Fractional models construct a tractable mathematical framework to describe and predict the behavior of multiscales multiphysics complex phenomena. Particularly, fractional differential equations, as a well-structured generalization of their integer-order counterparts, provide a rigorous mathematical tool to develop models that describe anomalous behavior in complex physical systems [1–9], where the anomaly manifests itself in heavy tail, sharp peaks, intermittency, and asymmetry in the distribution of corresponding underlying stochastic processes. Significant approximations as inherent part of assumptions upon which the model is built, lack of information about true values of parameters (incomplete data), and random nature of quantities being modeled pervade uncertainty in the corresponding mathematical formulations [10,11]. In this work, we develop an uncertainty quantification (UQ) framework in the context of stochastic fractional partial differential equations (SFPDEs), in which we characterize different sources of uncertainties and further propagate the associated randomness to the system response quantity of interest. The intention of this work is not to introduce new mathematical theories or methods for UQ, but rather to bring forward practical solutions using existing theories in an attempt to overcome the computational challenges of UQ in fractional models.

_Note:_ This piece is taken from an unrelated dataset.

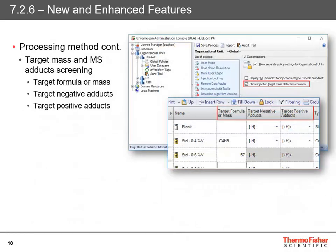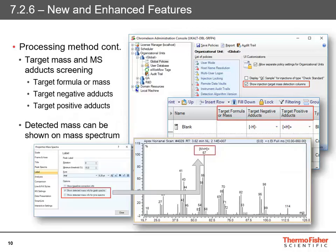Another addition to the processing method is the ability to look for target masses and adducts during screening. If you're working with a high-resolution accurate mass spectrometer, you can add a target formula or target mass and also look for positive or negative adducts within your traces and identify those. When you have a hit, the detected mass can now be shown on the spectrum above the peak.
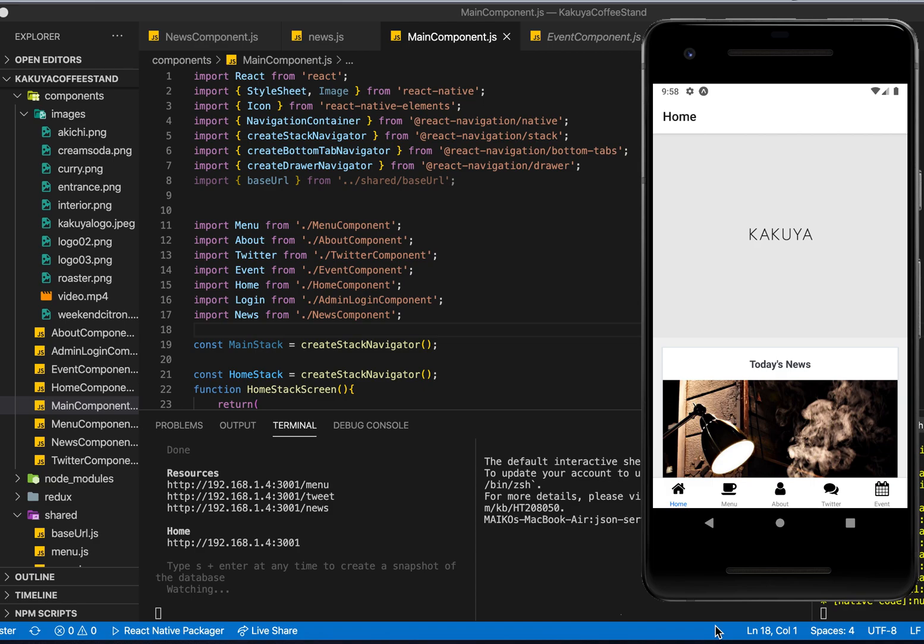Okay, this is my React Native project. I created this app for my favorite coffee shop in Japan which is called Kakuya Coffee Stand.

1.1 Types and Sources of Uncertainty.
The model uncertainties are in general being classified as aleatory and epistemic according to their fundamental essence. It is important to retain the separation between these two sources in order to assess the predictive efficiency of the model [12,13]. Aleatory uncertainty impacts the output of interest due to the natural variation of inputs and parameters; it is irreducible and commonly treated with probability theory. Epistemic uncertainty, however, results from a lack of knowledge about the system of interest and can be reduced by obtaining additional information. The epistemic uncertainties are broadly characterized as (i) model uncertainties, occurring in model inputs, numerical approximation errors, and model form uncertainty; and (ii) data uncertainties due to measurement inaccuracy and sparse or imprecise data. The model uncertainty encompasses all model parameters coming from geometry, constitutive laws, and fields equation, while also pertaining to surrounding interactions, such as boundary conditions and random forcing sources (noise). Numerical approximations, which are an essence of differential equations since they generally do not lend themselves to analytical solutions, introduce uncertainty by imposing different sources of discretization error, iterative convergence error, and round off error. In this work, we only consider the epistemic uncertainty in our fractional model and thus, introduce the fractional derivative orders as a new set of model parameters in addition to model coefficients. We note that the values of these new parameters are strongly tied to the distribution of underlying stochastic process and their statistics are estimated from experimental observations in practice, see, for example, Refs.  and .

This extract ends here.